"To nadinterpretacja" - tak Radosław Sikorski mówi o rzekomej propozycji podziału Ukrainy przedstawionej przez Władimira Putina. Marszałek Sejmu wyjaśnia sprawę rozmowy Donalda Tuska z prezydentem Rosji w rozmowie z portalem wyborcza.pl. Wcześniej nie chciał tłumaczyć swoich słów dla Politico dziennikarzom w Sejmie.

Radosław Sikorski przyznaje, że nie był świadkiem rozmowy Tuska z Putinem, do której doszło w Moskwie w 2008 roku. W niedawnym wywiadzie dla amerykańskiego portalu Politico marszałek Sejmu ujawnił, że Władimir Putin powiedział wtedy Tuskowi, iż "Ukraina jest sztucznym państwem, że Lwów jest polskim miastem i że warto zająć się tym wspólnie".

"Dotarła do mnie taka relacja" - wyjaśnia Sikorski wyborczej.pl. "Słowo "propozycja" jest nadinterpretacją. Miały paść słowa, które wtedy można było wziąć za aluzję historyczną albo ponury żart" - dodał marszałek Sejmu. Sikorski powiedział, że w 2008 roku brzmiało to "surrealistycznie". Dodał, że działo się to przed szczytem NATO w Bukareszcie, na którym "Putin powiedział wprost, że Ukraina to sztuczne państwo, zlepek terenów Rosji, Rumunii, Węgier oraz Polski". Tekst przemówienia Putina przekazaliśmy Ukrainie - dodał Sikorski, który był wtedy ministrem spraw zagranicznych. "Dzieliliśmy się naszymi intuicjami z wieloma przywódcami Zachodu, ale do czasu aneksji Krymu nie wszyscy dawali im wiarę" - powiedział Sikorski. Przypomniał, że "prezydent Putin podobnym językiem rozmawia z wieloma przywódcami Europy i świata, na przykład kiedy powiedział ostatnio przewodniczącemu Barosso, że w dwa tygodnie może być w Kijowie". Marszałek przypomniał, że wiceprzewodniczący rosyjskiej Dumy Państwowej Władimir Żyrinowski rozesłał parę miesięcy temu do kilku europejskich rządów pisma z propozycją aneksji niektórych regionów Ukrainy.

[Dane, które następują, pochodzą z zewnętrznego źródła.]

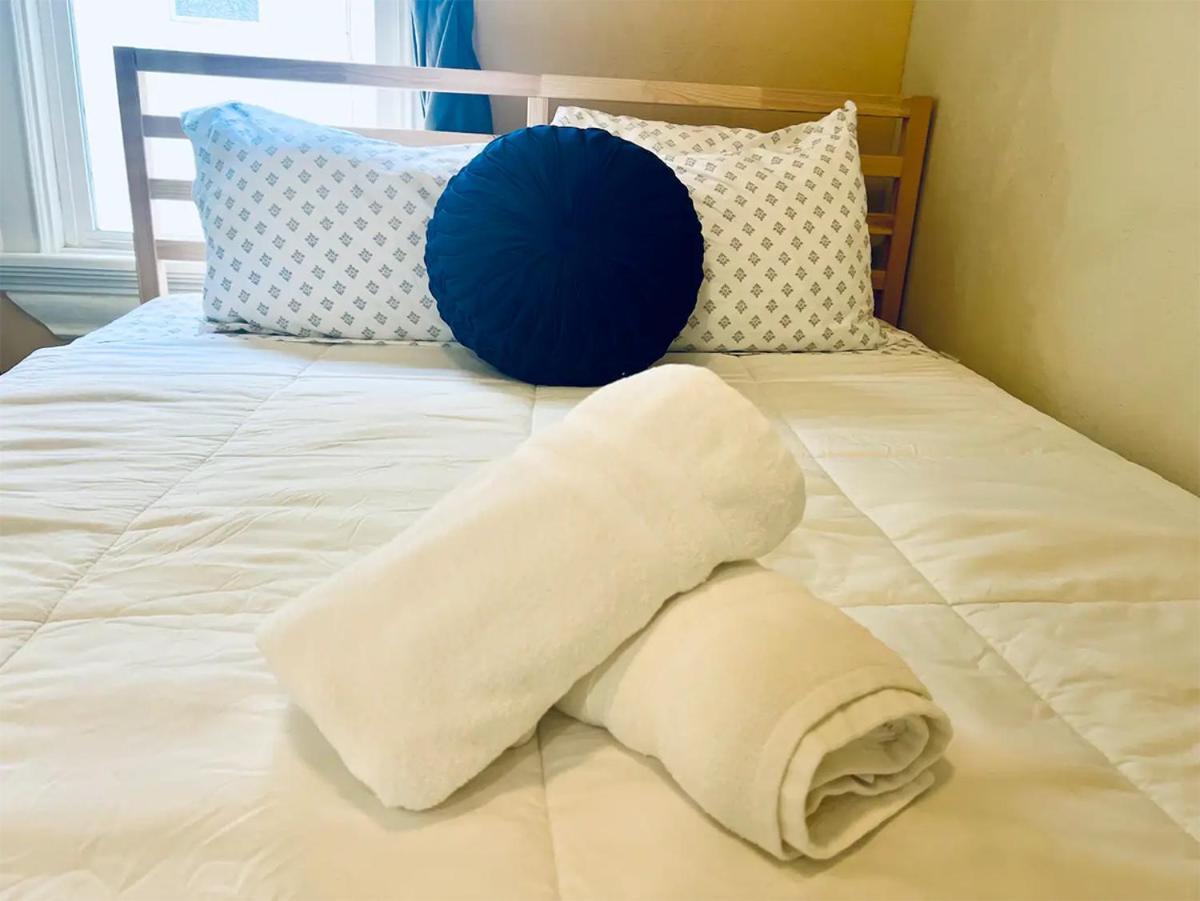 Somerset Hotel Сан Диего Екстериор снимка
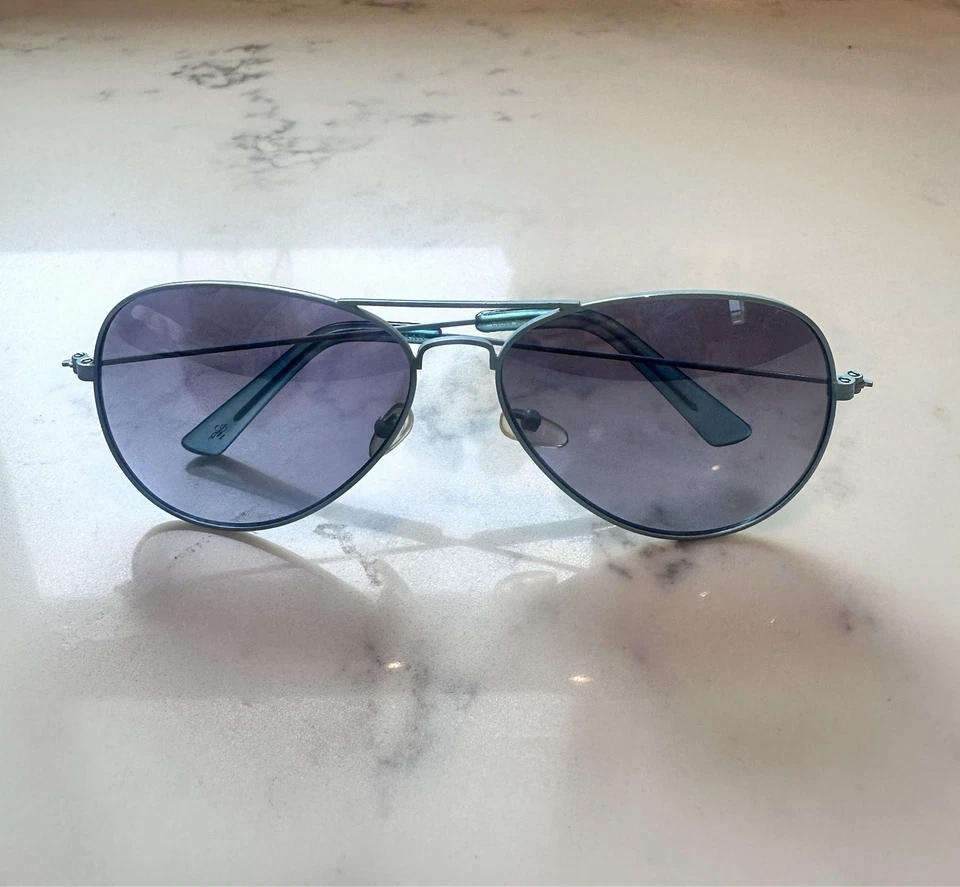 Cole Haan Aviator Sunglasses – Baby Blue Frame + Matching Pouch! Foto 3 de 4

Na pytanie, dlaczego w 2008 roku nie ujawnił propozycji Putina, Sikorski odpowiedział, że "te aluzje okazały się znaczące dopiero później, po szczycie NATO, po wojnie w Gruzji i po aneksji Krymu". Marszałek Sejmu uznał za niedorzeczne zarzuty o uległości wobec Rosji, wysuwane przez opozycję. "Zawsze realizowaliśmy polskie interesy w relacjach z Moskwą. Tak jak mówiła w poniedziałek wieczorem pani premier Kopacz, Polska nigdy nie będzie brała udział u w aneksjach innych krajów" - oświadczył Sikorski. Dodał, że "w Europie mamy dziś taki problem, że politycy rosyjscy mówią do nas językiem twardej dyplomacji i siły. A my do Rosji nadal próbujemy mówić językiem postmodernistycznym, w którym konflikt jest nie do wyobrażenia. Wtedy, kiedy rosyjscy politycy nam grożą wojną czy bojkotem handlowym, powinniśmy usłyszeć od europejskich polityków, co oni zamierzają zrobić w odzewie" - powiedział Radosław Sikorski. Komentując zamieszanie wokół jego wypowiedzi oświadczył: "To jest klasyczna wsobność polskiej polityki - za słowa czy działania innych krajów zawsze chłopcem do bicia musi być ktoś u nas".

W wywiadzie dla wyborcza.pl Sikorski deklaruje, że bierze odpowiedzialność za to, co powiedział. Prawo i Sprawiedliwość zapowiedziało, że złoży wniosek o jego odwołanie z funkcji marszałka.